◆ **Task item**:
The first line of the entries below, the line containing "2021 Nissan X-Trail", and every line between them should be repeated exactly, and nothing else.

Source material section start

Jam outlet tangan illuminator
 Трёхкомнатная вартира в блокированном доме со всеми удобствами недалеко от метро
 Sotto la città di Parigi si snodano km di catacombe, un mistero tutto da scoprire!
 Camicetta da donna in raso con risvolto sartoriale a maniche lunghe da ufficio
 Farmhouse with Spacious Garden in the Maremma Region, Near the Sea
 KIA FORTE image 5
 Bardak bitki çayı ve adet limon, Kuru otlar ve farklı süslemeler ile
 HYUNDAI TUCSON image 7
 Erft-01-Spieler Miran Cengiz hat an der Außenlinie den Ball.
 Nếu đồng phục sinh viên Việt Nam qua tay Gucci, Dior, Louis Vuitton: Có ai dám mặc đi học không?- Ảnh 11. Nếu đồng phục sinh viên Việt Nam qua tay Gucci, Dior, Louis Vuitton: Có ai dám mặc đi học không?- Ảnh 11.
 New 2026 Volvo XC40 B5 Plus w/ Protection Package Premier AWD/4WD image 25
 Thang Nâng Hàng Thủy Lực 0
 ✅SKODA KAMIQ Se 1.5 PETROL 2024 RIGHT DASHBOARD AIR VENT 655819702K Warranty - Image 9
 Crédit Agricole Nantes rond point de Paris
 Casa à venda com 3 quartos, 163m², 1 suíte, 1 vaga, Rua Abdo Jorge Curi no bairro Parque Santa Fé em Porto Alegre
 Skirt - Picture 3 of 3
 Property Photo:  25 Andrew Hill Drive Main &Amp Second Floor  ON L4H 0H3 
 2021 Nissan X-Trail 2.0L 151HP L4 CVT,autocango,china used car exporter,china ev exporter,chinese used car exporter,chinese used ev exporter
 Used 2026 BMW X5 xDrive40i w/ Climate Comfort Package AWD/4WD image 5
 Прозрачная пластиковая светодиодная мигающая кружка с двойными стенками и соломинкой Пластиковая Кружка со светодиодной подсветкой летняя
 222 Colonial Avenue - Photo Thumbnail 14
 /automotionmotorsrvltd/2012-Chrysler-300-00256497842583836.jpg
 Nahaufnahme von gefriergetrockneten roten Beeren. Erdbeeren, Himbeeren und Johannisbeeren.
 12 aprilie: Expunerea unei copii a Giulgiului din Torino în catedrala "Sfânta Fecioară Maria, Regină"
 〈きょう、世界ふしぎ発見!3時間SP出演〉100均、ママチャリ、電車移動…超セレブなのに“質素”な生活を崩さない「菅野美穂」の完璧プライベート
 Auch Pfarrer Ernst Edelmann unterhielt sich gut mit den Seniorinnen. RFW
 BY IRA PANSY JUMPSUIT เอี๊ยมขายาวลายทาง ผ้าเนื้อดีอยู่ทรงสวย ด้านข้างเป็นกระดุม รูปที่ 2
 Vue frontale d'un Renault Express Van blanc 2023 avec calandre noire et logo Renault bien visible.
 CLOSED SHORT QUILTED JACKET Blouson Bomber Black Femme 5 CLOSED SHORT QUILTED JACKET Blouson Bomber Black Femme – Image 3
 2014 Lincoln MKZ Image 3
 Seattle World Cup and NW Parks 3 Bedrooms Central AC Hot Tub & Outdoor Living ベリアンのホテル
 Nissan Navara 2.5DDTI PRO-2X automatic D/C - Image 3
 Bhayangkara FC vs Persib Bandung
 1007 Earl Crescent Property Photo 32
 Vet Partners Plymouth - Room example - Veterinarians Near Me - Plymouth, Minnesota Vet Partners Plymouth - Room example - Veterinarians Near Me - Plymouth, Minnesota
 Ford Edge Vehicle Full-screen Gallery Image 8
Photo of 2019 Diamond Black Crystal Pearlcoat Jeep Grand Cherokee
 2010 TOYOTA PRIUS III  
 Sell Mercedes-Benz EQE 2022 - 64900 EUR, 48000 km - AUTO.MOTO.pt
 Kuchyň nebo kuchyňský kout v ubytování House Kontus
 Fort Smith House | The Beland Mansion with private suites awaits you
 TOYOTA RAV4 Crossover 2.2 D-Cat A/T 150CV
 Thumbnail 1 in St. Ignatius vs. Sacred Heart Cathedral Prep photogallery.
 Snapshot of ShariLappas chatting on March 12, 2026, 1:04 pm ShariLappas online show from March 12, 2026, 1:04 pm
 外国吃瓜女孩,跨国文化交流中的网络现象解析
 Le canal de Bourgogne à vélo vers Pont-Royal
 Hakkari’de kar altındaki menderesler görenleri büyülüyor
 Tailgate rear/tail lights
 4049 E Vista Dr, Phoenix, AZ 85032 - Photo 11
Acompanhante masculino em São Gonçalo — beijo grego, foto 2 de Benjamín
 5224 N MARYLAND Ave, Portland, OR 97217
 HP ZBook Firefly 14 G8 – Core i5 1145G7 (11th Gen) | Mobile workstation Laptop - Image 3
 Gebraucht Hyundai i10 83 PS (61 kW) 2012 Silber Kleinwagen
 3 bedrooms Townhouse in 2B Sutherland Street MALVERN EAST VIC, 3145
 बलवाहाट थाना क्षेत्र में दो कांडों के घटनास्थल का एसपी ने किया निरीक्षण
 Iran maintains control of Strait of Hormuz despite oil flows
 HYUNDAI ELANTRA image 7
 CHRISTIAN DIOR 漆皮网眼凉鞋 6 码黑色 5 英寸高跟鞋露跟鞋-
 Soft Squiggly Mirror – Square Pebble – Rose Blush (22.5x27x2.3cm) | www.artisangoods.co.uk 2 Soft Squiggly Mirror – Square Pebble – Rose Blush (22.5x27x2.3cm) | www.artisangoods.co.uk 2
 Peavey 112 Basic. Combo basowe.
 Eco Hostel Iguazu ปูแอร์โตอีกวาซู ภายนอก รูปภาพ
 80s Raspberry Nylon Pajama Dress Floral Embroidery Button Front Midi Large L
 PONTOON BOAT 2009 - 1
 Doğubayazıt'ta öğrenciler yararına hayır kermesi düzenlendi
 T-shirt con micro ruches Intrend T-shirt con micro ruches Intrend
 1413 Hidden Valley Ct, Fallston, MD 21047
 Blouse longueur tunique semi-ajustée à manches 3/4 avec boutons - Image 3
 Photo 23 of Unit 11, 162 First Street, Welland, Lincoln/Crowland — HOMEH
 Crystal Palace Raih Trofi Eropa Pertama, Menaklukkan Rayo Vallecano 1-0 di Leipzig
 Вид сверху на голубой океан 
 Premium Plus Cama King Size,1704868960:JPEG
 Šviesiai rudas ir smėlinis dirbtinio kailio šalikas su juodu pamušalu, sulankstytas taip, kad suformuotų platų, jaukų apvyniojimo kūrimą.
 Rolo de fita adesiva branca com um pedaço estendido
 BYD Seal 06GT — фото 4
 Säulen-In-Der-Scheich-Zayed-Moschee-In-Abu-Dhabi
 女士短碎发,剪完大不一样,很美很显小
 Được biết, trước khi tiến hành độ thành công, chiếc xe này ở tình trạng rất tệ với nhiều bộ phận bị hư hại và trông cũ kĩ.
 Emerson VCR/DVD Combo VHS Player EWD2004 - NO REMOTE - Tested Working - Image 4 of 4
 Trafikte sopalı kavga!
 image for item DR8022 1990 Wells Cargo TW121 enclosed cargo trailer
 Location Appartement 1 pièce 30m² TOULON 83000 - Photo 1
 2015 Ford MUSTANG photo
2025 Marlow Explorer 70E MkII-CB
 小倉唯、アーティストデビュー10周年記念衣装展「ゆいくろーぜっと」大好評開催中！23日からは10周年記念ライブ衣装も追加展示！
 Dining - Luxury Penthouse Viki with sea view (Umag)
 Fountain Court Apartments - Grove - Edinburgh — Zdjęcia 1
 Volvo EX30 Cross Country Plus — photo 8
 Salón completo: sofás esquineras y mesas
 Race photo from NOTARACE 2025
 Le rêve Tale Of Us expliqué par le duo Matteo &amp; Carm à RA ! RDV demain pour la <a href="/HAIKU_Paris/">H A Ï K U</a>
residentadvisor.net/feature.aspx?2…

Source material section end

◆ **Exercise solution**:
Jam outlet tangan illuminator
 Трёхкомнатная вартира в блокированном доме со всеми удобствами недалеко от метро
 Sotto la città di Parigi si snodano km di catacombe, un mistero tutto da scoprire!
 Camicetta da donna in raso con risvolto sartoriale a maniche lunghe da ufficio
 Farmhouse with Spacious Garden in the Maremma Region, Near the Sea
 KIA FORTE image 5
 Bardak bitki çayı ve adet limon, Kuru otlar ve farklı süslemeler ile
 HYUNDAI TUCSON image 7
 Erft-01-Spieler Miran Cengiz hat an der Außenlinie den Ball.
 Nếu đồng phục sinh viên Việt Nam qua tay Gucci, Dior, Louis Vuitton: Có ai dám mặc đi học không?- Ảnh 11. Nếu đồng phục sinh viên Việt Nam qua tay Gucci, Dior, Louis Vuitton: Có ai dám mặc đi học không?- Ảnh 11.
 New 2026 Volvo XC40 B5 Plus w/ Protection Package Premier AWD/4WD image 25
 Thang Nâng Hàng Thủy Lực 0
 ✅SKODA KAMIQ Se 1.5 PETROL 2024 RIGHT DASHBOARD AIR VENT 655819702K Warranty - Image 9
 Crédit Agricole Nantes rond point de Paris
 Casa à venda com 3 quartos, 163m², 1 suíte, 1 vaga, Rua Abdo Jorge Curi no bairro Parque Santa Fé em Porto Alegre
 Skirt - Picture 3 of 3
 Property Photo:  25 Andrew Hill Drive Main &Amp Second Floor  ON L4H 0H3 
 2021 Nissan X-Trail 2.0L 151HP L4 CVT,autocango,china used car exporter,china ev exporter,chinese used car exporter,chinese used ev exporter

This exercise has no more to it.